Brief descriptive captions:

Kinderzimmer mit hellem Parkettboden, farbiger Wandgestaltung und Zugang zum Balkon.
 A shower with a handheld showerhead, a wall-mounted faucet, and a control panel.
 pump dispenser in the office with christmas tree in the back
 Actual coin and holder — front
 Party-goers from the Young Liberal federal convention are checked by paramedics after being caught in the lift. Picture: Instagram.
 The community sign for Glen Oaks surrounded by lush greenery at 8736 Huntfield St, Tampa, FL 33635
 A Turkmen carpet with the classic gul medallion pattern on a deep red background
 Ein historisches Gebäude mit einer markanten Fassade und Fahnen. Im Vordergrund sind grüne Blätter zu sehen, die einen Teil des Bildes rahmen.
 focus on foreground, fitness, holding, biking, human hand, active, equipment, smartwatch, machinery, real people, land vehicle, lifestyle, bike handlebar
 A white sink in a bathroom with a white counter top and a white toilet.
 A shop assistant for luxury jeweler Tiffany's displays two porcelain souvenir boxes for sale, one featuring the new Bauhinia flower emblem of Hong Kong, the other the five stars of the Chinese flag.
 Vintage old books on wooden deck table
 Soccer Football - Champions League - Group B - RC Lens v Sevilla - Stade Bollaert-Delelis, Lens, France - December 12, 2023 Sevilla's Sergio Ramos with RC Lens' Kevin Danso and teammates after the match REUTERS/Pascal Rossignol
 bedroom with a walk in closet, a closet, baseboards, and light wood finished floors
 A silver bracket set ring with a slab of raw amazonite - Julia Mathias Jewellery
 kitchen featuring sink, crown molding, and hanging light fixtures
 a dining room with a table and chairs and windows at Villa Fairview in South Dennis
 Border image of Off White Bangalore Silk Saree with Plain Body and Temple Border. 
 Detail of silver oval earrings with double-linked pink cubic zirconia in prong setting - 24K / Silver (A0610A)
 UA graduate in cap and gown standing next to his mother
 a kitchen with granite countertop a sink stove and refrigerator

▸ **Assignment**
Write out each entry once more, exactly as it was given.

▸ **Expected answer**
Kinderzimmer mit hellem Parkettboden, farbiger Wandgestaltung und Zugang zum Balkon.
 A shower with a handheld showerhead, a wall-mounted faucet, and a control panel.
 pump dispenser in the office with christmas tree in the back
 Actual coin and holder — front
 Party-goers from the Young Liberal federal convention are checked by paramedics after being caught in the lift. Picture: Instagram.
 The community sign for Glen Oaks surrounded by lush greenery at 8736 Huntfield St, Tampa, FL 33635
 A Turkmen carpet with the classic gul medallion pattern on a deep red background
 Ein historisches Gebäude mit einer markanten Fassade und Fahnen. Im Vordergrund sind grüne Blätter zu sehen, die einen Teil des Bildes rahmen.
 focus on foreground, fitness, holding, biking, human hand, active, equipment, smartwatch, machinery, real people, land vehicle, lifestyle, bike handlebar
 A white sink in a bathroom with a white counter top and a white toilet.
 A shop assistant for luxury jeweler Tiffany's displays two porcelain souvenir boxes for sale, one featuring the new Bauhinia flower emblem of Hong Kong, the other the five stars of the Chinese flag.
 Vintage old books on wooden deck table
 Soccer Football - Champions League - Group B - RC Lens v Sevilla - Stade Bollaert-Delelis, Lens, France - December 12, 2023 Sevilla's Sergio Ramos with RC Lens' Kevin Danso and teammates after the match REUTERS/Pascal Rossignol
 bedroom with a walk in closet, a closet, baseboards, and light wood finished floors
 A silver bracket set ring with a slab of raw amazonite - Julia Mathias Jewellery
 kitchen featuring sink, crown molding, and hanging light fixtures
 a dining room with a table and chairs and windows at Villa Fairview in South Dennis
 Border image of Off White Bangalore Silk Saree with Plain Body and Temple Border. 
 Detail of silver oval earrings with double-linked pink cubic zirconia in prong setting - 24K / Silver (A0610A)
 UA graduate in cap and gown standing next to his mother
 a kitchen with granite countertop a sink stove and refrigerator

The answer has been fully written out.